The tribunal pointed out that the relevant investors and investments – TransCanada, based domestically, and South Korean company Samsung – are not in “like circumstances” with Windstream. The former two, said the tribunal, did not participate in the FIT programme and did not apply for Crown land for offshore wind development. The tribunal also noted that as a result of the moratorium, Windstream was the only holder of a FIT contract, while all offshore wind projects were cancelled. The tribunal therefore disagreed that Windstream was discriminated against after evaluating how other prospective developers were treated.
Nonetheless, the tribunal faulted the government’s inaction after enacting the moratorium.
“The failure of the Government of Ontario to take the necessary measures, including when necessary by way of directing the OPA, within a reasonable period of time after the imposition of the moratorium to bring clarity to the regulatory uncertainty surrounding the status and the development of the Project created by the moratorium,” said the tribunal. This “was unfair and inequitable,” in breach of its NAFTA obligations.
Windstream director David Mars welcomed the ruling, calling it “an appropriate first step at remedying the challenges [the company has] faced” in a press release in October, shortly after the outcome was first circulated privately. The company said that it is prepared to meet its contractual obligations and wants to go forward with the project.
The Ontario government, for its part, welcomed the dismissal of the majority of claims brought by Windstream and continues to stand by its moratorium. A spokesperson for the Ontario Ministry of Energy told Bloomberg BNA that the province will continue to take “a cautious approach to offshore wind,” but intends to finalise the required scientific research.
Past FIT energy disputes
Ontario’s feed-in tariff programme has also been the subject of trade cases elsewhere, including at the World Trade Organization, though for different reasons. In 2010, Japan (DS412) and the EU (DS426) challenged the programme’s domestic content requirements, which obliged companies applying for a FIT contract to use a defined percentage of equipment from within Ontario.

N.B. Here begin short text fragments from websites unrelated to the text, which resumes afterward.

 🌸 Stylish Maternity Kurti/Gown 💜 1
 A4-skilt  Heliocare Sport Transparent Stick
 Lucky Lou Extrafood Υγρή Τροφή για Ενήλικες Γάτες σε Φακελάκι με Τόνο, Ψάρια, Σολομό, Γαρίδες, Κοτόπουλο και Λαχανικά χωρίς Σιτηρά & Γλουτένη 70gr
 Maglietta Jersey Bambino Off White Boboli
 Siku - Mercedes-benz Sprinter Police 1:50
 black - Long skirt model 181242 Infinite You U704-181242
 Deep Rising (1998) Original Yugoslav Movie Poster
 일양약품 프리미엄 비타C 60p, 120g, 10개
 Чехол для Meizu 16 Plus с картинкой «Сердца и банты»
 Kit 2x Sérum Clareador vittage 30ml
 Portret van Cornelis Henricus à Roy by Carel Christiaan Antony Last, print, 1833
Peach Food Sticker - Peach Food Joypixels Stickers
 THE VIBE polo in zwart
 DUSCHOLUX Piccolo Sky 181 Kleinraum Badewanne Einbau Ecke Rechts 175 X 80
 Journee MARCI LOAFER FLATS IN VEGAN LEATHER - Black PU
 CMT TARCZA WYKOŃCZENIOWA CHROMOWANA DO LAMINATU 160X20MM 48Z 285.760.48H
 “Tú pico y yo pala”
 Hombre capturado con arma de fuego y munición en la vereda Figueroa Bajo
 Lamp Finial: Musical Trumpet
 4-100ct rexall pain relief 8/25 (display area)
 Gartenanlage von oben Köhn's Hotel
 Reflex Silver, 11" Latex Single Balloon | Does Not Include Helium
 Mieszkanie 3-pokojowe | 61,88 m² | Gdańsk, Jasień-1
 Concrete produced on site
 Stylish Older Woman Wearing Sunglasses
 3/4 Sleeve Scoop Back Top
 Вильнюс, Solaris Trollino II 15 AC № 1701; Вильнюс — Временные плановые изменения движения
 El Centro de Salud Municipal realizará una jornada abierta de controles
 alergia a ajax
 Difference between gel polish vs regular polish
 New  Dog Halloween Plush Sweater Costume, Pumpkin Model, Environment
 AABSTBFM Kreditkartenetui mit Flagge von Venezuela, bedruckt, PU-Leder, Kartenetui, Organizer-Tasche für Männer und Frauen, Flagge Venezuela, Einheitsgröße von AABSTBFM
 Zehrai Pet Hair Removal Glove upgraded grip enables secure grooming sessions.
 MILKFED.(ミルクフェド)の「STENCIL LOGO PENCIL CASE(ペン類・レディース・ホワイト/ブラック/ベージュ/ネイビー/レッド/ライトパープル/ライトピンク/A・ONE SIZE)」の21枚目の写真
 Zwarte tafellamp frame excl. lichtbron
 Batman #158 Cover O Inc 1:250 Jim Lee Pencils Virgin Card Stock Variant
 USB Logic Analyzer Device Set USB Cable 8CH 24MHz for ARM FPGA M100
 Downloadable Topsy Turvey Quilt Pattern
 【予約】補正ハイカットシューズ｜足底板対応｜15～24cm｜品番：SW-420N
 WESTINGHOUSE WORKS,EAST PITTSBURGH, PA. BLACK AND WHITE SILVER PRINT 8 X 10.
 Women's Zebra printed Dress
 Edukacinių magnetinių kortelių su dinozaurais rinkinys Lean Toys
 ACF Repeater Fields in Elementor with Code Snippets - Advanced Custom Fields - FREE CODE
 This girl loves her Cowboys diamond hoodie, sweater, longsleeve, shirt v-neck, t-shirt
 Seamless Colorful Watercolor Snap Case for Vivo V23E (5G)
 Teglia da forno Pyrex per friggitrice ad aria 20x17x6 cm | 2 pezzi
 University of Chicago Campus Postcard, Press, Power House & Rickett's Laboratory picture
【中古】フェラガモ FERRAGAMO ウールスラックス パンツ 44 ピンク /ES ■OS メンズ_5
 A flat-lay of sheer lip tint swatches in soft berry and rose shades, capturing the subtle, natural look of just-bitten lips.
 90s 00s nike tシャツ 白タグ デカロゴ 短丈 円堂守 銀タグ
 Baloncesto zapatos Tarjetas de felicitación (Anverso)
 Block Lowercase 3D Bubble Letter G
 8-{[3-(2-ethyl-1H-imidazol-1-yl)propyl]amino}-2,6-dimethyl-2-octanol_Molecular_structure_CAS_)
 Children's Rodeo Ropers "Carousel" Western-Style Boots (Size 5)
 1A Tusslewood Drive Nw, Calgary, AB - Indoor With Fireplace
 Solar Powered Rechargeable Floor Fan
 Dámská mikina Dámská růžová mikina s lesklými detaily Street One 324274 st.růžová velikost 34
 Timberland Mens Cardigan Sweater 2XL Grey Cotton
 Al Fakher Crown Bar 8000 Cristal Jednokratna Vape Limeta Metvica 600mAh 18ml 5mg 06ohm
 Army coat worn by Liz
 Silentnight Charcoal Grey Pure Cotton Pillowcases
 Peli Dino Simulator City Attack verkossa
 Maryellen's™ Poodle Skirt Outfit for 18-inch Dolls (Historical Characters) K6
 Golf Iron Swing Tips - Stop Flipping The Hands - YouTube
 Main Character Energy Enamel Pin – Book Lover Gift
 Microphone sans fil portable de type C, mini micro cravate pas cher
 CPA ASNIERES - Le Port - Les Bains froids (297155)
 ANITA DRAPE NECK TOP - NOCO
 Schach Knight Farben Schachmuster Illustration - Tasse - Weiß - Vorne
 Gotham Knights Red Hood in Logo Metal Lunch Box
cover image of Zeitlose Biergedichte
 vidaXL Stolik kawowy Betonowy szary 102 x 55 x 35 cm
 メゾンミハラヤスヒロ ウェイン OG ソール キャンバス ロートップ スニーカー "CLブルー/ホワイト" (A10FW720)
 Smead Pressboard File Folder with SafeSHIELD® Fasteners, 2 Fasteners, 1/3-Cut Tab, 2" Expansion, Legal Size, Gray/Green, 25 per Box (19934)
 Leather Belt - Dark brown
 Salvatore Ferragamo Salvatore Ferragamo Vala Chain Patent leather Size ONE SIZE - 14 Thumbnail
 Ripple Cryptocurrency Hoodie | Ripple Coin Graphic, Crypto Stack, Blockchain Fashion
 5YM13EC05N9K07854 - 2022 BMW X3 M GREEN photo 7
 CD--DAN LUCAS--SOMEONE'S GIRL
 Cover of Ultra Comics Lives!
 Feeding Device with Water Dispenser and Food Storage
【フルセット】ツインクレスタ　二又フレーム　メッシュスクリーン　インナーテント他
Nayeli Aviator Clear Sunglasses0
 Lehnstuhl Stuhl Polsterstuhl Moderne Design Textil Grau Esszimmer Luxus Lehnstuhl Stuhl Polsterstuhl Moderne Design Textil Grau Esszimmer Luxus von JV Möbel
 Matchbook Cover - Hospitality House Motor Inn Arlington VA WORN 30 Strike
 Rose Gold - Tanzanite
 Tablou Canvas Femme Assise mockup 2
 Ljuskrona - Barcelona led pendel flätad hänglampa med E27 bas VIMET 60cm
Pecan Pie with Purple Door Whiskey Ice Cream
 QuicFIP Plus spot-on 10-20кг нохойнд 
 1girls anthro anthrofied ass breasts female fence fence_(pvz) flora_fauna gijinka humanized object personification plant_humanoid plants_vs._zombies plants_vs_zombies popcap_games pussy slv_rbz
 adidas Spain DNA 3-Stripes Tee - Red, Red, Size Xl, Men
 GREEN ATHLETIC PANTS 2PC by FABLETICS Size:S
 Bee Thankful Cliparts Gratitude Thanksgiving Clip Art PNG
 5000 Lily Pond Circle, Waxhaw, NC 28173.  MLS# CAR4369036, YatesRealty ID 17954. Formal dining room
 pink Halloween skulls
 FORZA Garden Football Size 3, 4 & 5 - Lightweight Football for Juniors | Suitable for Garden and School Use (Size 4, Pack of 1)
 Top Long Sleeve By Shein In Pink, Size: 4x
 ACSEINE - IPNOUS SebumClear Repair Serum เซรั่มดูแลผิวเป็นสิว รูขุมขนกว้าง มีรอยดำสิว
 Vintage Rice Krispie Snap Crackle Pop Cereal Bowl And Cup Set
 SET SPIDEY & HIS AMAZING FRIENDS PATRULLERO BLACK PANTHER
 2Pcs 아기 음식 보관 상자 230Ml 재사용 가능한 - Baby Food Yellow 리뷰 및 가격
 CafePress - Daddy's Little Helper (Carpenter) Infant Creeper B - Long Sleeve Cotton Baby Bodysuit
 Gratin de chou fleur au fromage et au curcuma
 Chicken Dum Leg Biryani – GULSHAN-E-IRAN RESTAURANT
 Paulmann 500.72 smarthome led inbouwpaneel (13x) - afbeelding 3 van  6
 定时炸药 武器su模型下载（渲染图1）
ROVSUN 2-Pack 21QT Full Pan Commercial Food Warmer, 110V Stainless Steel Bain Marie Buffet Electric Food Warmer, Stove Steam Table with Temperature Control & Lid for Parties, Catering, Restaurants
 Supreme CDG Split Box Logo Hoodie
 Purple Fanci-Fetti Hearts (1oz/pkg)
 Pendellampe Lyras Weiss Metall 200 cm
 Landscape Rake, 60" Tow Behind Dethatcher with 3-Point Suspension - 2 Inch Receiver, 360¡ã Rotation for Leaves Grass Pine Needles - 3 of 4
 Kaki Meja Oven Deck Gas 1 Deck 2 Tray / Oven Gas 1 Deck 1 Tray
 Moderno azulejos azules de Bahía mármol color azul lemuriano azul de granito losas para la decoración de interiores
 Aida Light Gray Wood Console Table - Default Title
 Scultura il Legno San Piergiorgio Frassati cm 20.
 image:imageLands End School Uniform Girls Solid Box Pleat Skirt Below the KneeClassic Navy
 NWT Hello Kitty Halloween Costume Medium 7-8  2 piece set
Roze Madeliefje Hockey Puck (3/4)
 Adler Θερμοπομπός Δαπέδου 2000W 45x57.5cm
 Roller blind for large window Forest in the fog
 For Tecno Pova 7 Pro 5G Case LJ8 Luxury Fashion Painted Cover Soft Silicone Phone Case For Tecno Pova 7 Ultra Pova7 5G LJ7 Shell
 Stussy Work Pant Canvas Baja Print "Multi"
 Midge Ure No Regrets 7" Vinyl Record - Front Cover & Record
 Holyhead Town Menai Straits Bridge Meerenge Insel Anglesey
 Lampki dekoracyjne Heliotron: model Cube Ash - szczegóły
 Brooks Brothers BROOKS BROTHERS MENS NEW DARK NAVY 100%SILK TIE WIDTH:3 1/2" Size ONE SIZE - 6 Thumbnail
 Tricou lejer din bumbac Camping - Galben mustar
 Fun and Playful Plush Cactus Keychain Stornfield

The WTO Appellate Body ruled in May 2013 that requirements to use local products discriminate against foreign competitors and are in violation of WTO rules. The following year, Canada announced it had complied with the ruling, withdrawing the domestic content requirements from large renewable electricity procurements and significantly lowering them for small and micro-FIT procurement of wind and solar electricity. (See Bridges Weekly, 8 May 2013)
The FIT programme was also featured in another NAFTA investment arbitration case, filed by Mesa Power Group LLC, in 2011. The US-based corporation claimed that it was put at a disadvantage while trying to apply for a beneficial FIT contract.
This past March, the tribunal ruled that the FIT programme constitutes procurement by a party or a state enterprise within the meaning of a NAFTA provision – therefore being exempted from non-discrimination obligations. The tribunal ultimately dismissed the company’s claims. (See Bridges Weekly, 4 May 2016)
ICTSD reporting; “NAFTA Panel Awards Energy Company $21 Million for Blocked Project,” BLOOMBERG BNA, 14 October 2016; “Huge free trade penalty against Canada,” RADIO CANADA INTERNATIONAL, 14 October 2016.